Vietnamese three-colour dessert with coconut milk and agar jelly.
Chè ba màu — 'three-colour dessert' — is Vietnam's most visually striking sweet, a tower of contrasting colours and textures served in a tall glass over crushed ice. It layers green pandan jelly, yellow mung bean paste, and red kidney beans or adzuki beans, then crowns everything with a generous pour of sweet coconut milk.
Serves 6
Drain soaked kidney or adzuki beans and simmer in fresh water for 45–60 minutes until tender. Drain, stir in 3 tbsp sugar, and cool.
Cook drained mung beans in water for 20–25 minutes until very soft. Stir in 3 tbsp sugar and mash into a smooth paste. Cool.
Dissolve agar agar powder in water with sugar and pandan extract in a small saucepan. Bring to a boil and simmer 2 minutes, stirring. Pour into a flat dish and refrigerate until set (about 30 minutes). Cut into thin strips or small cubes.
Combine coconut milk, water, sugar, and salt in a saucepan. Mix tapioca starch with 2 tbsp cold water and stir into the coconut milk. Heat gently, stirring, until the sauce thickens slightly. Do not boil. Cool.
Fill tall glasses with crushed ice. Layer mung bean paste, red beans, and pandan jelly strips in the glass. Pour cold coconut milk sauce generously over the top. Serve immediately with a long spoon and straw.
Each component can be made a day ahead and assembled just before serving.
The coconut milk sauce should be slightly thickened so it coats the layers rather than all sinking to the bottom.
Weigh dry ingredients on a scale instead of using cups — grams are the difference between a tender and a tough crumb.
Bring eggs and dairy to room temperature before mixing; cold ingredients seize fats and produce a dense, uneven texture.
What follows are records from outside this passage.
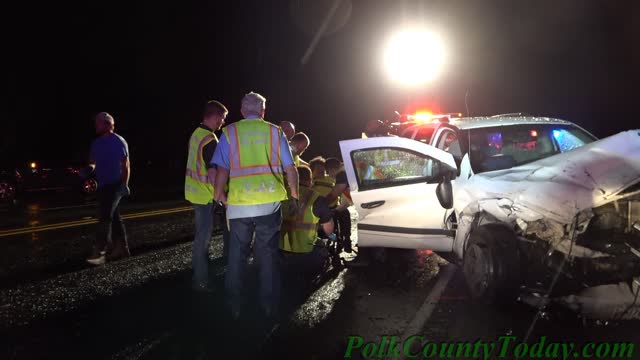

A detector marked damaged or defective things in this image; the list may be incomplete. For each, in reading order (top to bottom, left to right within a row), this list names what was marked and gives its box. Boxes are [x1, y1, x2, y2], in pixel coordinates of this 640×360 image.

wrecked white car [340, 114, 640, 318]
damaged hood [456, 129, 640, 225]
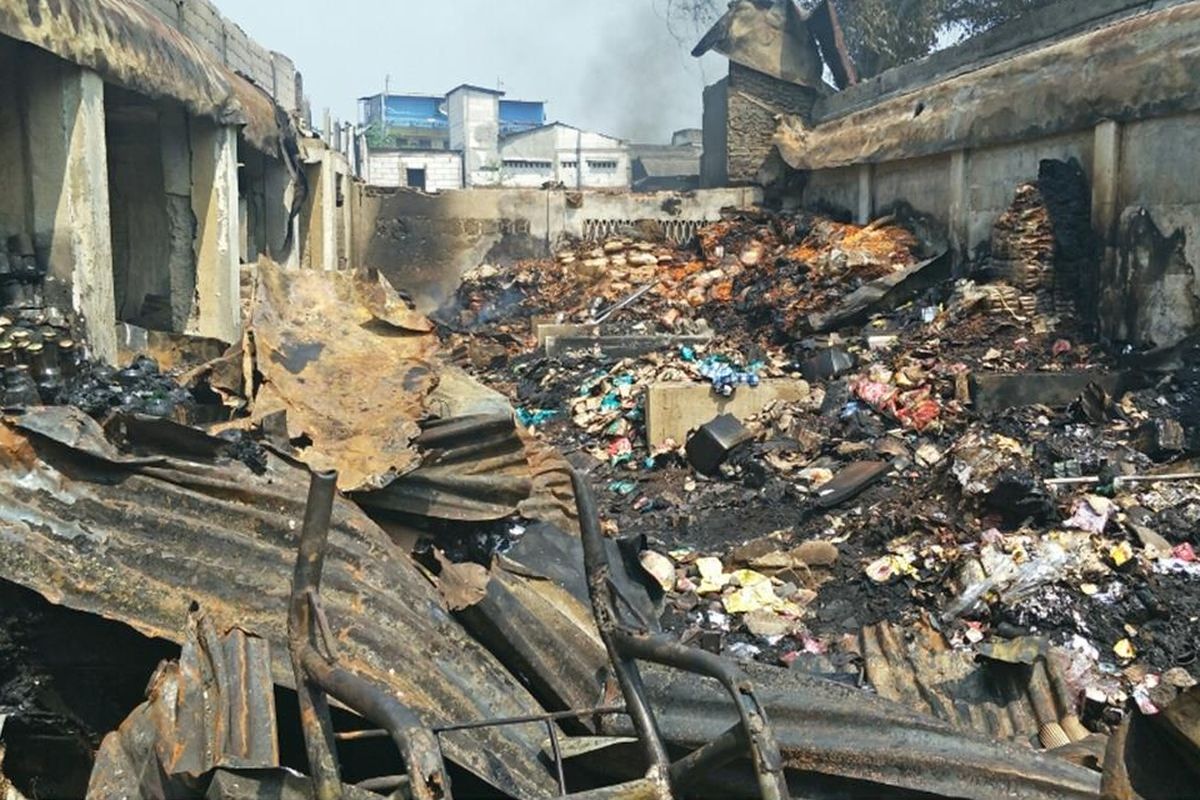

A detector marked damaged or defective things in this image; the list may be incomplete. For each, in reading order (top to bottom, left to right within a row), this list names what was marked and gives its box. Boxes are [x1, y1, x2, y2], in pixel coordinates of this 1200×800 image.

burnt corrugated metal sheet [0, 0, 280, 152]
rusted metal roofing sheet [0, 0, 283, 153]
rusted metal roofing sheet [0, 410, 556, 796]
burnt corrugated metal sheet [0, 410, 559, 796]
burnt rubble heap [0, 165, 1195, 796]
pile of burnt debris [0, 164, 1195, 800]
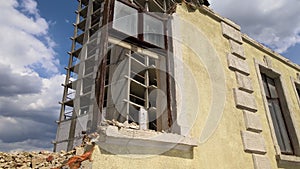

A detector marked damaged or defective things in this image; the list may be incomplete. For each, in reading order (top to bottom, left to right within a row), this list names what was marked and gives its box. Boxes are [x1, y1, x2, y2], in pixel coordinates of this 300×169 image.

broken window [262, 73, 294, 155]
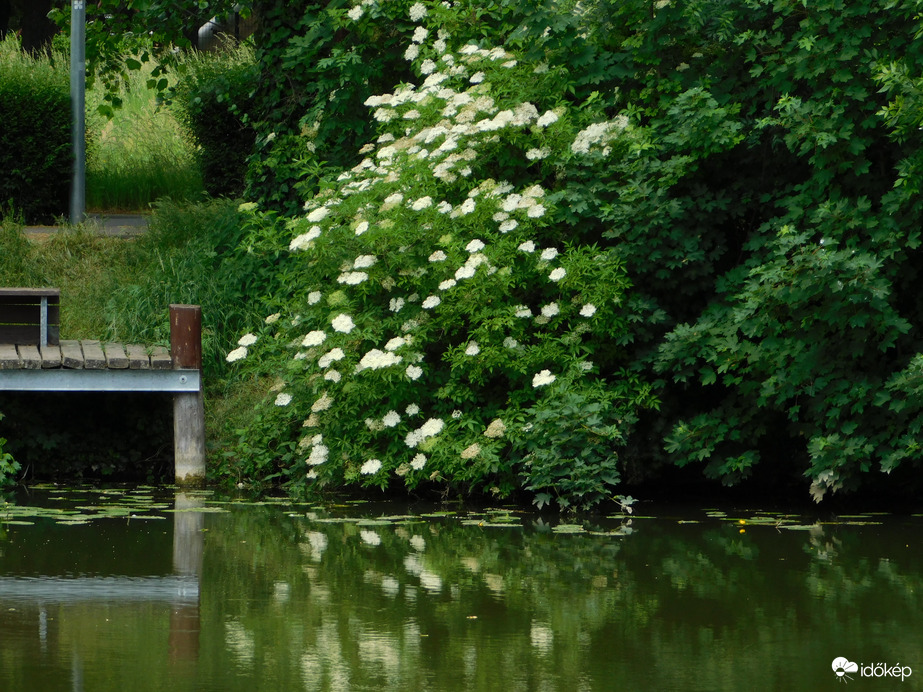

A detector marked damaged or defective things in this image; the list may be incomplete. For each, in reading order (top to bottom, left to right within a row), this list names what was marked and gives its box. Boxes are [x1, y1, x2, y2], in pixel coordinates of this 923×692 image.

rusty metal post [171, 302, 206, 486]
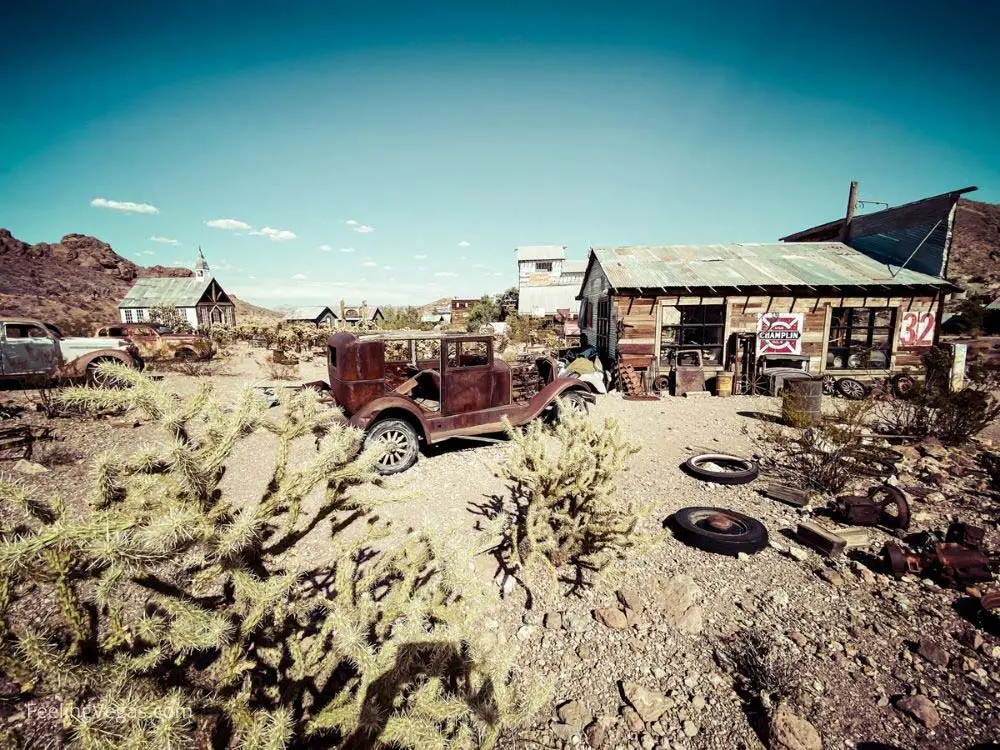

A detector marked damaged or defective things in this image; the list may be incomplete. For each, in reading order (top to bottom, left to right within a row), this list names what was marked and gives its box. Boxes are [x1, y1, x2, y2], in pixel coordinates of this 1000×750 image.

rusted old truck [0, 318, 143, 388]
rusty vintage car [0, 318, 143, 388]
rusty vintage car [94, 324, 213, 362]
rusted old truck [94, 324, 213, 362]
rusty vintage car [326, 332, 592, 472]
rusted old truck [326, 332, 592, 472]
rusty machinery part [836, 378, 868, 402]
rusty machinery part [896, 374, 916, 402]
rusty machinery part [684, 452, 760, 488]
rusty machinery part [668, 508, 768, 556]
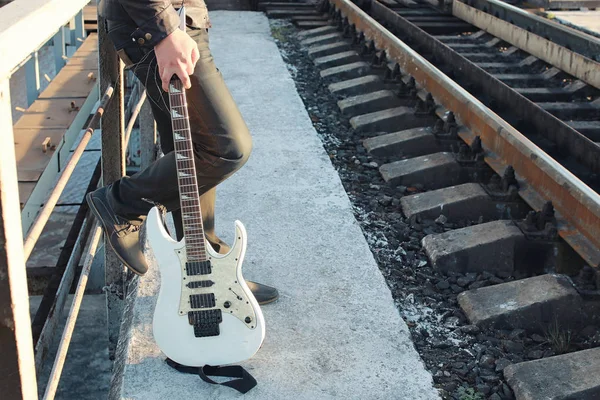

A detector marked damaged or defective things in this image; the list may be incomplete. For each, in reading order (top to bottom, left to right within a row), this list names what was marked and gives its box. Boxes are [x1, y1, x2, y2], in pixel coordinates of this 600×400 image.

rusty metal surface [328, 0, 600, 268]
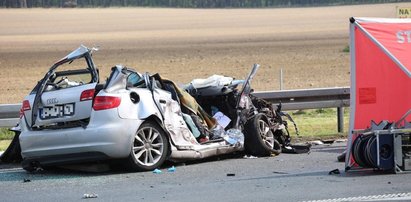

Add fresh grass jelly (thach den) for a fourth colour and texture.
Use pandan jelly from a packet for a quick shortcut.
Vegetarian: swap the protein for roasted king oyster mushrooms, smoked tofu or cooked chickpeas — adjust seasoning slightly upward to compensate.
Spicier: add a finely chopped fresh chile or a teaspoon of crushed Aleppo/Urfa pepper to the aromatics for warm, layered heat instead of a single sharp hit.
Store components separately in fridge up to 3 days. Assemble with ice just before serving.
Chè Ba Màu is celebrating Vietnamese brightness — herbs, lime, fish sauce and contrasting textures. Regional variations are the rule rather than the exception — neighboring villages, families and even individual cooks adapt the dish to what's in the pantry and what's in season, which is why no two versions taste exactly alike and why the recipe has stayed alive for so long.
Yes — most of the components can be prepared up to a day in advance and refrigerated separately. Reheat gently and assemble just before serving so textures stay distinct.
Stay close to the role each ingredient plays: swap aromatics for similar ones (shallot for onion, lime for lemon), and keep the fat-acid-salt balance intact. Spice blends can usually be approximated with what's in the cupboard.
Authenticity sits on a spectrum — what matters more is honoring the technique and balance of flavors. If the dish tastes harmonious and respects how cooks in its home region would build it, you're on solid ground.
The two most common issues are under-seasoning and rushing the heat. Taste as you go, season in layers, and give aromatics and proteins the time they need to develop color and depth before moving on.